Il vuoto elettrico – Virale (Banksville Records/DGRecords)

Trattenete il fiato, non respirate, fate finta che qualcosa sia rimasto di Voi laggiù nel baratro tra il vuoto più totale, dove l’assenza di punti fermi e singolari ci porta in un abisso di disperazione, grida e schiaffi da una realtà che fa male, ingloba e sputa ogni nostra colpa, ogni nostro errore fino a condensarci in goccia di niente.

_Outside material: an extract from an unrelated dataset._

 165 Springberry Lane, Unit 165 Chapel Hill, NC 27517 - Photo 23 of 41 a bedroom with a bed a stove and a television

Il vuoto elettrico crea sostanze multiformi di rock incrociato all’hardcore e allo stoner di quel rock borderline innestato ad una scena straripante di parole e significati che si incastonano miracolosamente nella mente di chi ascolta senza mai lasciarli andare via.

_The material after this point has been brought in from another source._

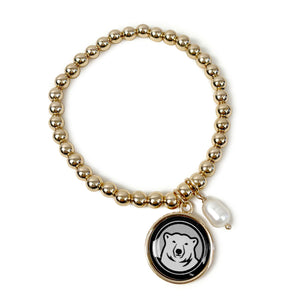 Round bracelet of gold-tone beads with dangling oval faux pearl pendant and separate polar bear mascot medallion pendant.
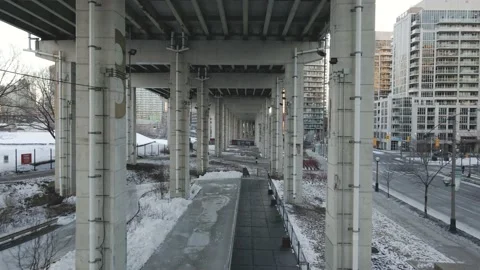 Drone flying under the Gardinner Expressway during winter Stock Footage 171954165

L’esempio si trova già in Il ruolo del perdono, quando la voce si staglia incontrollabile gridando Perché parlare equivale a non parlare.

In queste parole è rinchiusa tutta la poetica ermetica e fatta di ossimori che racconta il nostro Paese e ciò che ormai non c’è più della nostra Italia, sfiorando i Marlene di Catartica, Massimo Volume, ElettroFandango e Teatro degli Orrori su tutti.

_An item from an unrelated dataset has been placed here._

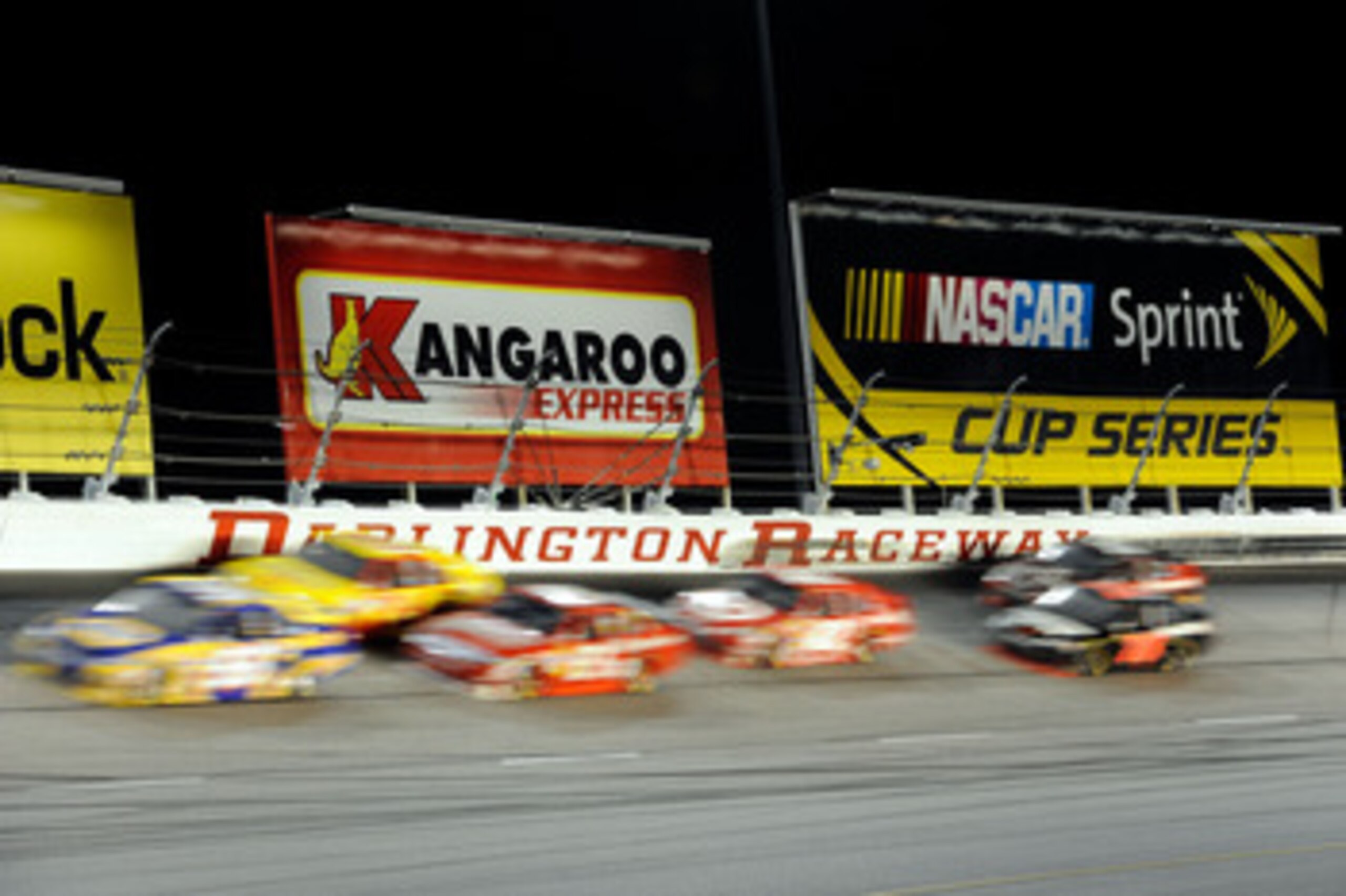 DARLINGTON, SC - MAY 08:  Michael McDowell, driver of the #55 PRISM Motorsports Toyota, races against Jeff Gordon, driver of the #24 DuPont / National Guard Facebook Chevrolet and Brian Vickers, driver of the #83 Red Bull Toyota, during the NASCAR Sprint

La poesia gridata del Il Vuoto elettrico si concede, osa e non demorde: E’ solo quello che non vedi che ti fa paura? canta una voce lacerante in Le lacrime di Dio oppure ancora Sei sdraiato per terra, immobile, non riesci a muovere un muscolo e il letto è ad un passo da te in Asso di spade; sono solo piccoli esempi di un qualcosa di più ampio e generoso, di naturale bellezza e inevitabile  abbandono.

Un gruppo da tenere sott’occhio, perché in pochi come loro sanno ancora comunicare uno stato di disorientamento totale così accentuato e volutamente reale da dove partire per essere protagonisti della storia in cui viviamo, la nostra storia e non semplici burattini apatici disillusi.